Albanian intellectual and feminist

Nermin Vlora Falaschi (19 April 1921 – 28 November 2004) was an Albanian intellectual, feminist and great-grand daughter of Ismail Kemal. Born to Hajit bey Zarshati and Belkize Hanemi, she studied in Kirias in Kamzë and in 1934 she continued to the Institution of ”Nana Mbretneshe” in Tirana. At the age of 17, she met Italian officer and later ambassador Renzo Falascho whom she married and after the Communist takeover, they fled to Italy. Vlora began writing and translating in elementary school where she translated poetry from French and Italian on the radio of Tirana. In Italy she studied law school and she spoke several languages. She died in 2004.

== Biography ==
She studied writing, archeology, history, and anthropology and become known for Albanian feminism. She was also a researcher and interpreter of ancient inscriptions. She traveled to China, England, Portugal, Uganda, Colombia and USA. As a scholar, she specialized in epigraphy. In Italy, she lectured at the Mediterranean Academy and the Dragan European Foundation, both located in Rome; the Academy of Rozzi in Siena, and the Lyceum of Fermo. She also gave a lecture in the University of Pristina in Kosovo.
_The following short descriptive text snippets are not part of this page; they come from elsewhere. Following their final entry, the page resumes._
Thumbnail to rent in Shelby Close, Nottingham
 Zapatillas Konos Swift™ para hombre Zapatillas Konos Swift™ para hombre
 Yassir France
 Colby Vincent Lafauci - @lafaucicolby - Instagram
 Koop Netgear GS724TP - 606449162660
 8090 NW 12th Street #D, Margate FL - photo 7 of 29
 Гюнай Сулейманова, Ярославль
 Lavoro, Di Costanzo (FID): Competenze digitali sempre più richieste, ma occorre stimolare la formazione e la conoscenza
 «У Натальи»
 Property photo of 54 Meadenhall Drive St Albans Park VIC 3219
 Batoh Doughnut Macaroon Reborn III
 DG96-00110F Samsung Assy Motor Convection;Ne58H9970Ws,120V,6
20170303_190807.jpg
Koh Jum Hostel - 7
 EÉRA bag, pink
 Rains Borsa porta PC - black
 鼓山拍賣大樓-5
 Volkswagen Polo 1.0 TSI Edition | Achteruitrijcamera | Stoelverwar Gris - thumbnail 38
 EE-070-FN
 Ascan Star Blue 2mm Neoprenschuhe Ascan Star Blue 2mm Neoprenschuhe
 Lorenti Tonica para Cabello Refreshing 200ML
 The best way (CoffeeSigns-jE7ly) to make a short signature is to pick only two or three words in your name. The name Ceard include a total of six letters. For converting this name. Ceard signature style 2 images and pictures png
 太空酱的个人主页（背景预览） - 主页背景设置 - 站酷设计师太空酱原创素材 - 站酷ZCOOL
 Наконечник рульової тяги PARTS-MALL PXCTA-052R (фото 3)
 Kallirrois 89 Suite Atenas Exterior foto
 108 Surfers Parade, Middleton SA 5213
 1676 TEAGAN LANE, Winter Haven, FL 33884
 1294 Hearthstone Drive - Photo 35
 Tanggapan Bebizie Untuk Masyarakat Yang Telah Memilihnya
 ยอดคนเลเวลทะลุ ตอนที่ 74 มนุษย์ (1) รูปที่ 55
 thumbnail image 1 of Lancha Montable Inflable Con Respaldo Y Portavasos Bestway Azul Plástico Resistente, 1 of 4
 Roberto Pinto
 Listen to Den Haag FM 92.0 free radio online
In April 1988, she honored an invitation to speak about her epigraphic work at the University of Warwick in Coventry, England, while in October 1989, she lectured on the Pelasgian Idiom at the New University of Lisbon.

== Honours ==
The International University of Tucson, Arizona conferred on her an Honorary Degree in Comparative Linguistics. The government of Colombia in Bogota, where she had lectured at the Academy of Linguistics, awarded her the Order of San Carlos in appreciation of her studies and findings about the Chibcha pre-Columbian civilization. She founded the Culture Academy ”Iliria”. She died in 2004 and left a large quantity of papers and publications.